Provided material:
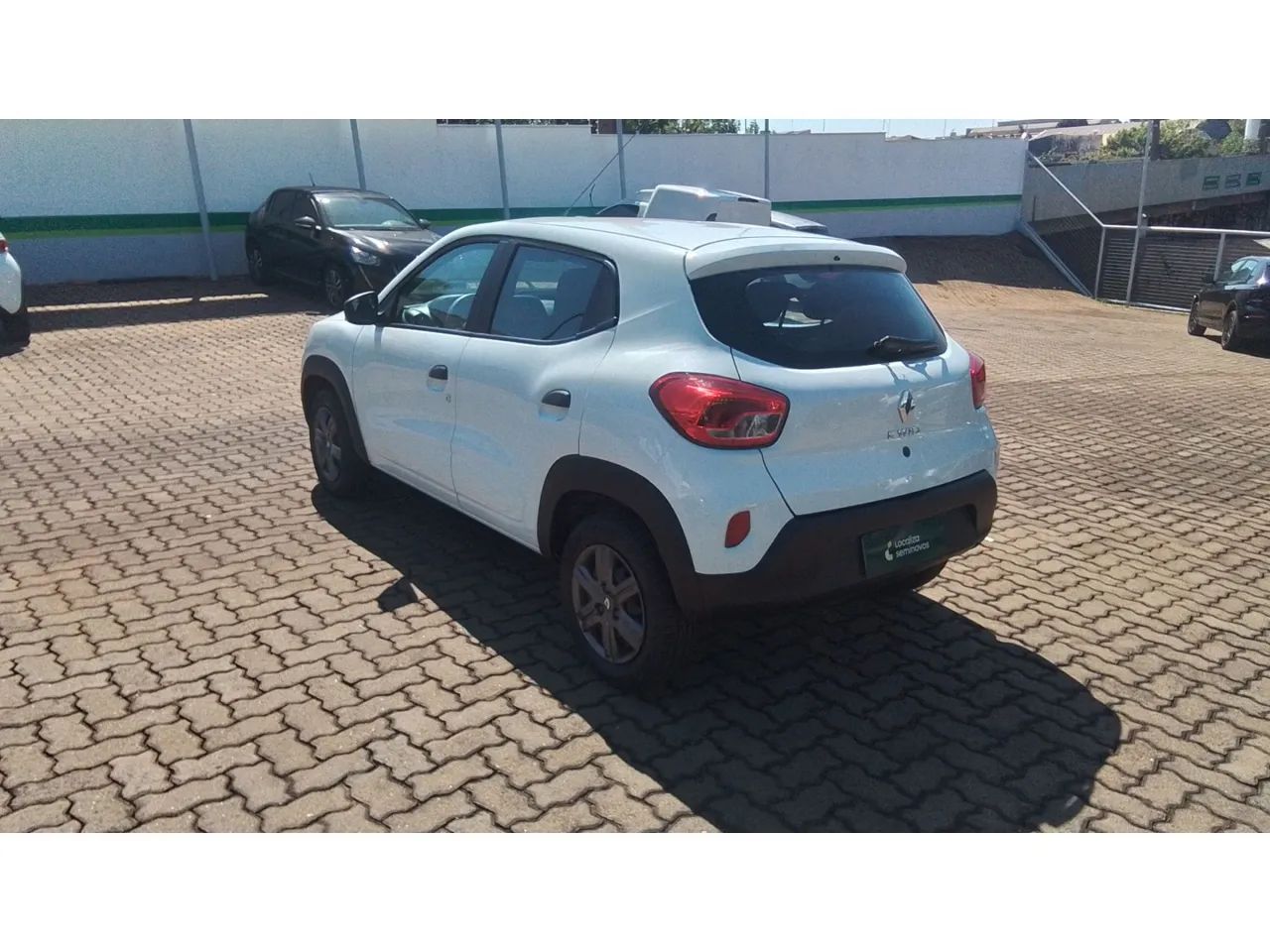 Renault Kwid 1.0 Zen 2026 - Foto 4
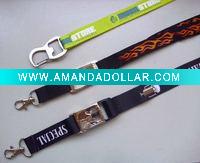 bear bottle opener lanyard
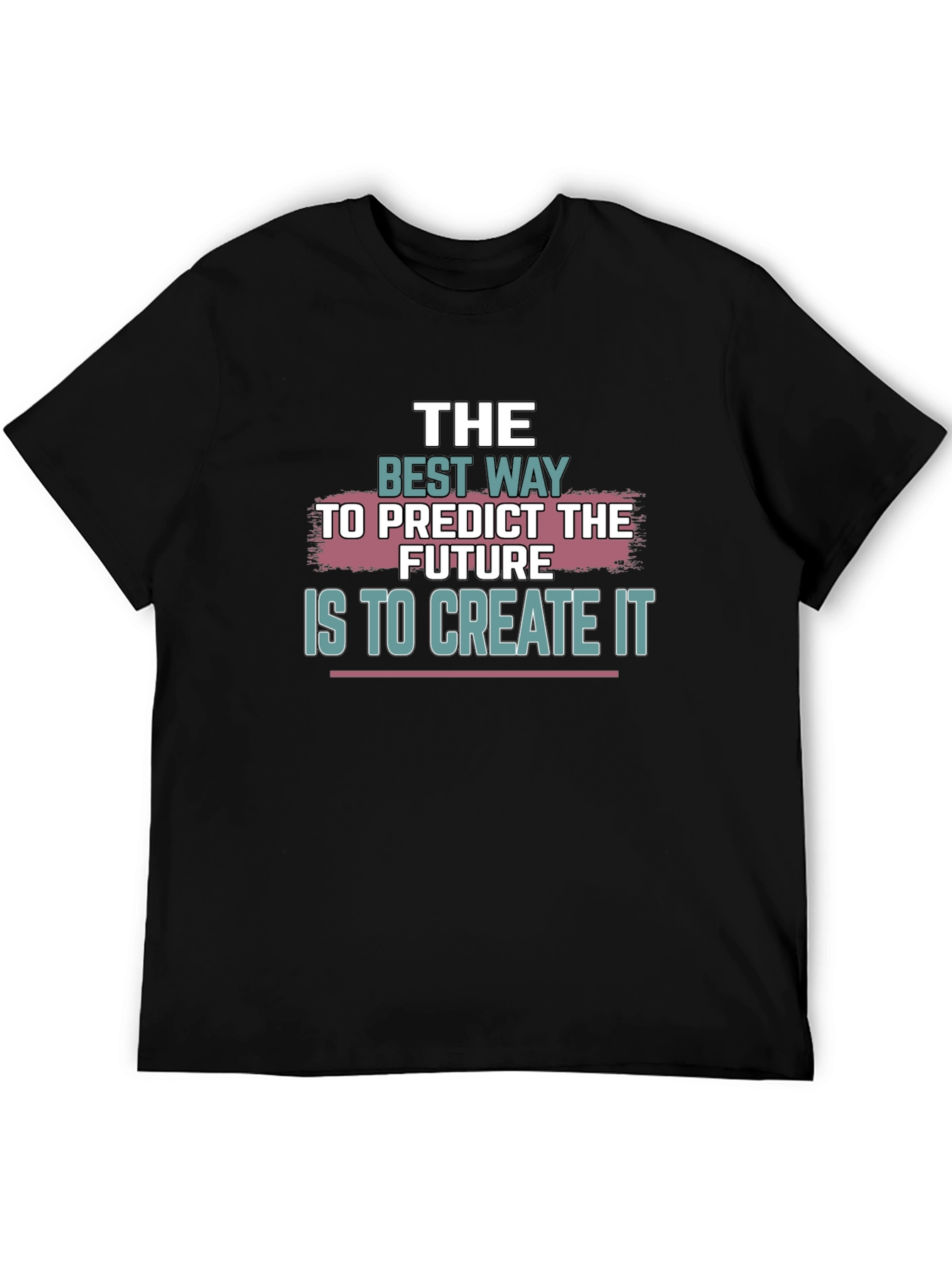 Inspirational Tee: Create the Future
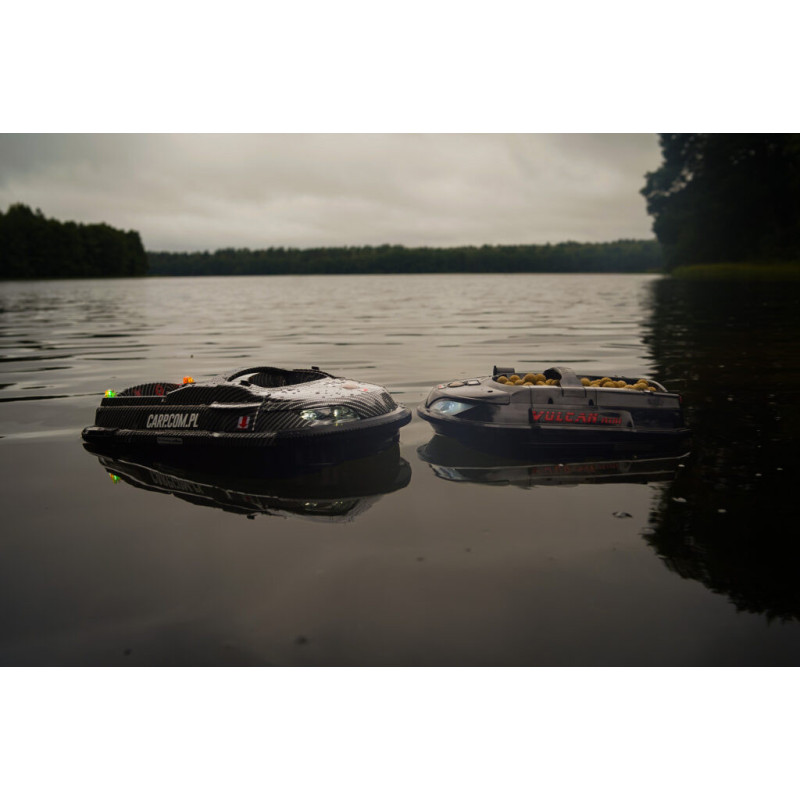 Łódka zanętowa Boatman Vulcan Mini Basic Łódka zanętowa Boatman Vulcan Mini Basic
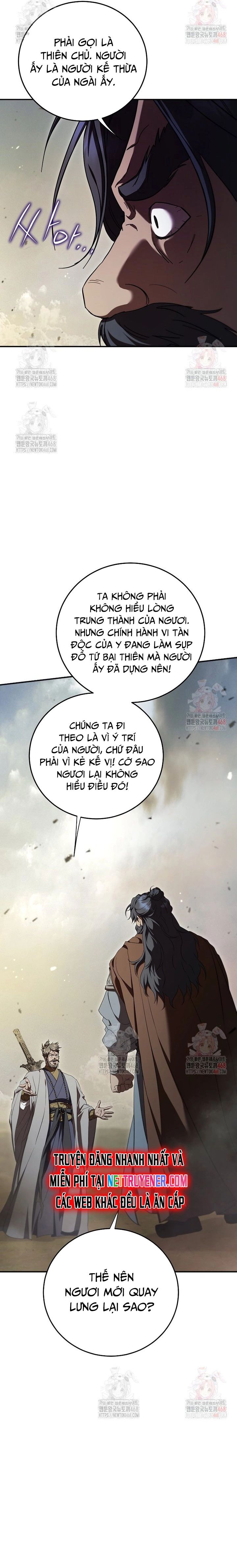Võ Đang Kỳ Hiệp Chap 149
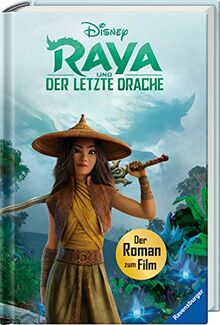 Disney Raya und der letzte Drache: Der Roman zum Film von Ravensburger Verlag GmbH | Buch | Zustand sehr gut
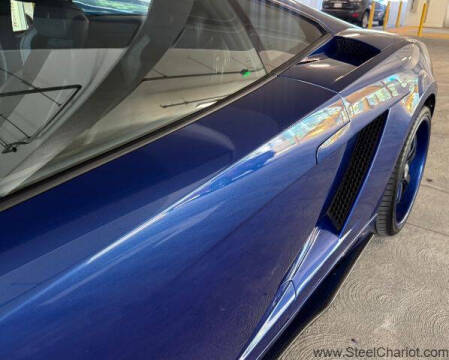 2004 Lamborghini Gallardo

Your goal:
Only the text of the records above, copied exactly, should be returned; the pictures stay out.

Output below:
 Renault Kwid 1.0 Zen 2026 - Foto 4
 bear bottle opener lanyard
 Inspirational Tee: Create the Future
 Łódka zanętowa Boatman Vulcan Mini Basic Łódka zanętowa Boatman Vulcan Mini Basic
Võ Đang Kỳ Hiệp Chap 149
 Disney Raya und der letzte Drache: Der Roman zum Film von Ravensburger Verlag GmbH | Buch | Zustand sehr gut
 2004 Lamborghini Gallardo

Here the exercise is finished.